Have you always wondered why the Korean age is different?

It’s not like the international system where people are considered X months old. In Korea, it’s different, and this goes way back 10.000 years.

The Korean age might change in the future; there has been speculation to change it to the international age.

Let’s dive deeper into why.

In short: the Korean age is different because Koreans start their age at 1-year old instead of 0. The moment they’re in the belly of the mother, they’re considered 1-year-old.

What Are the Reasons for Age Being Different in Korea?

There are two reasons why Korean age is different than it is for other Western countries. The first is how babies are automatically one-year old at birth. The other is that Koreans don’t age until January 1st, which means the actual date of birth doesn’t affect or influence their age.

Plus, Korea is the only country that does it this way in the world, using three different age systems. However, Vietnam, China and Japan all incorporate some form of multiple ages. These countries used to be much like Korea is today, but they’ve modernized and dropped it as a national practice. [1]

It’s a Sign of Respect for Elders

This whole concept behind age in Korea harkens back to the ancient ways of their culture along with certain aspects intrinsic to the language. This is because Koreans find age to be a very important factor in ways that are much different than in Europe or the USA.

Even though age is important for things like buying alcohol, cigarettes, renting an apartment and etc., just like in the West, it has a deeper connotation. Mainly, this is peculiar to social interactions in Korea due to their concept of hierarchy and respect for elders and status.

Korean Age Affects Social Interactions

In Korea, there is the expectation for younger folks to talk to their grandparents or authority figures (anyone older than they are) with a completely different set of nouns and verbs to address them. It is a highly formal way of speaking and reflects this idea of honoring those who are older than you are.

When out in a bar or restaurant, it’s the younger members of the group who must first pour drinks for everyone, starting with the oldest one among them. However, paying for things is an expectation of older folks.

What’s more, those who are the same age share a special kinship and become part of an elite group. When people meet others who share their ages, it’s cause for excitement and celebration. It also means it’s appropriate to use more casual and informal speech.

What Is the Origin of the Korean Age Systems?

No one really knows where or when Koreans began employing a multiple-tier age system. Some postulate that the one year counted on the day of your birth includes time spent in the womb, which has ancient connections to beliefs about childbearing and fertility.

However, old numerical systems throughout Asia didn’t have the concept of zero, it simply didn’t exist. Therefore, people started the age of babies at one year old the moment they come into the world.

In terms of the additional year that comes on January 1st, some theories suggest it connects to the Chinese method for calculating time. Specifically, the 60-year calendar cycle where ancient Koreans used this calendar since they didn’t have a regular one of their own. [2]

How Do Koreans Calculate Age?

Once born, babies are one year old on the day of their birth. For those born on December 31st, they are immediately two years old the following day. Some Koreans consider their time in the womb to be part of their age. Therefore, they have a Korean age they recognize as different from an international age, which they also call the Western age.

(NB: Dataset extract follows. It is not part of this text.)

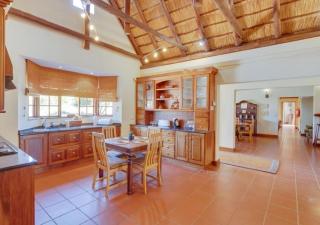 Zebula 1 Pela Lodge, 6 bedrooms - Warmbaths - 6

This is very unlike places like the USA, where you are a day old the day after you come into the world. The gestation time spent in the womb doesn’t influence your age and birthdays are a yearly occurrence, where you become one year older.

Do Koreans Celebrate Their Birthdays?

Koreans definitely celebrate their birthdays. In fact, they have two parties. The first is on January 1st, when everyone in the country is celebrating their birthdays and on the day of their actual birth. It’s just that the celebration that occurs on their actual birth date doesn’t influence or change their age.

This means all Koreans age on the same day, New Year’s Day. Everyone rejoices in a nationwide birthday celebration. Indeed, Koreans are a very festive people and enjoy socializing amid a party atmosphere. So, January 1st is a big deal to them.

Western/International Age

Koreans do have several situations where they will use their Western or international age before their Korean one. The Korean age is for social interactions and other traditional/cultural norms. But they use the international age for more official forms of business and legal matters.

For instance, they must present their international age for purchasing movie posters, alcohol, cigarettes and other such things. But, they also use it for determining someone’s legal drinking age and military conscription.

When Did Koreans Begin Using the Western/International Age System?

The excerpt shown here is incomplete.